Il sottosopra del sogno americano. “The Florida project” (Un sogno chiamato Florida) di Sean Baker
Il cinema di Sean Baker è difficilmente classificabile, un incrocio tra film narrativo e documentario che però non si può definire docufiction. Se infatti quest’ultima si propone di raccontare una storia realmente accaduta utilizzando elementi fittizi, film come The Florida Project oTangerine partono dal presupposto contrario: filmare una storia immaginaria partendo dal “reale”.
Il regista, assieme a Chris Bergoch (produttore e co-sceneggiatore), ha fatto numerosi viaggi in Florida, soggiornando ad Orlando e più precisamente dietro il Walt Disney World. I due sono rimasti molto colpiti da quel mondo nascosto a poche centinaia di metri dal famoso parco di divertimenti. Motel che fino a dieci anni fa erano frequentati solo da turisti, ma che oggi ospitano famiglie che vivono precariamente e non possono permettersi il deposito per appartamenti normali. Mostri urbani che sorgono nel nulla, senza servizi né progetti a lungo termine, ad eccezione dell’incursione di qualche assistente sociale.
Un film di un’inedita freschezza, che senza moralismi e a volte con tenerezza mostra il “Sottosopra” (come in Stranger Things) del sogno americano: l’ingiustizia sociale che è parte integrante e invisibile di quell’abbondanza lucente e colorata.
La protagonista della storia è una bambina di sei anni che con il suo gruppo di amici ne combina di tutti i colori, proprio come i protagonisti delle Simpatiche canaglie, che il regista ha ammesso di adorare.

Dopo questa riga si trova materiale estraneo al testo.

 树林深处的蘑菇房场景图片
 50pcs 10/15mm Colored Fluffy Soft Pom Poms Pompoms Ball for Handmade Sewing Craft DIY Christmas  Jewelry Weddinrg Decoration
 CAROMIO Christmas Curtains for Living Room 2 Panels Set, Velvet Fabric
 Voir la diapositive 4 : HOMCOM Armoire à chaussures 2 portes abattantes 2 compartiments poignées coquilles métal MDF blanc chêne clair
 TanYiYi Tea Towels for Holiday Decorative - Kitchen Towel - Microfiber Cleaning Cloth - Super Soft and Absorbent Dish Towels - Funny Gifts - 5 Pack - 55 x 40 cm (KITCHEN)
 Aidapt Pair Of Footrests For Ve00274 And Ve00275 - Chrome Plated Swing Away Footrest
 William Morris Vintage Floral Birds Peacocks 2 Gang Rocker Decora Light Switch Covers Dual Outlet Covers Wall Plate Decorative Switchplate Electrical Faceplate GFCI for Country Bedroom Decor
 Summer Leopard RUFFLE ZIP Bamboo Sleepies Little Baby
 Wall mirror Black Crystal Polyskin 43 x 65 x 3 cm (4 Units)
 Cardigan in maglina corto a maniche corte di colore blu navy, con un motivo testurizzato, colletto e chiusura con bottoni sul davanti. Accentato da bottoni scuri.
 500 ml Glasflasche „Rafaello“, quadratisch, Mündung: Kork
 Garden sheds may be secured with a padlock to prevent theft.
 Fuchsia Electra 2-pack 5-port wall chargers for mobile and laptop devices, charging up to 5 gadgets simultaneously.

Come per Tangerine il cast artistico è costituito da persone normali (non attori), spesso del posto. Il regista durante le riprese era sempre pronto a cambiare la sceneggiatura in base alle dinamiche che si creavano sul set. Anche Willem Dafoe si è amalgamato con il resto del cast, non cercando mai di prevalere ma mettendosi generosamente al servizio delle necessità narrative.